Festive religious assembly in Ancient Greece

Pamboeotia (Παμβοιώτια) was a major festive panegyris of all the Boeotians, celebrated probably annually. The grammarians compare the Pamboeotia with the Panathenaea of the Atticans, and the Panionia of the Ionians. Though probably quite older than this, even primitive, the festival is celebrated with the name "Pamboeotia" only starting in the 3rd century BC. The festival was celebrated in the tenth month of the Boeotian calendar, Pamboiotos, at a temple of Athena Itonia in the neighborhood of Coronea.

The principal object of the meeting was the common worship of Athena Itonia. Activities included dancing and music and athletic events of a somewhat militaristic character, such as spear-throwing, trumpeting, heralding, mock battles, and horse racing. The priestess of the shrine was appointed by the Boeotian League.

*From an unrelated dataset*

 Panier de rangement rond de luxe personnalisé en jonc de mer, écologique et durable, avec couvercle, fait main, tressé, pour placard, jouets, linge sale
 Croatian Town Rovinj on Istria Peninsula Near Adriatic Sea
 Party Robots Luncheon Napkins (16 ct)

A depiction of a Pamboeotia festival can be seen on a lekane in the British Museum, on which men approach an altar of Athena that is covered in flame. Some of the men are leading an ox to sacrifice to the goddess. Before these men is a woman bearing on her head a platter of offerings.

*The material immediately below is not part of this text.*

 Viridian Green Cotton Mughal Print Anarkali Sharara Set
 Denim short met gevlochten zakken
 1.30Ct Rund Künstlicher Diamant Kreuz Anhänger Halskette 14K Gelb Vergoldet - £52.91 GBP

From Polybius it appears that during this national festival no war was allowed to be carried on, and that in case of a war a truce was always concluded. This panegyris is also mentioned by Plutarch. It is a disputed point whether the Pamboeotia had anything to do with the political constitution of Boeotia, or with the relation of its several towns to Thebes; but if so, it can have been only previous to the time when Thebes had obtained the undisputed supremacy in Boeotia. Some writers think it likely that this was the occasion on which Boeotian representatives to the Delphic Amphictyonic League were elected.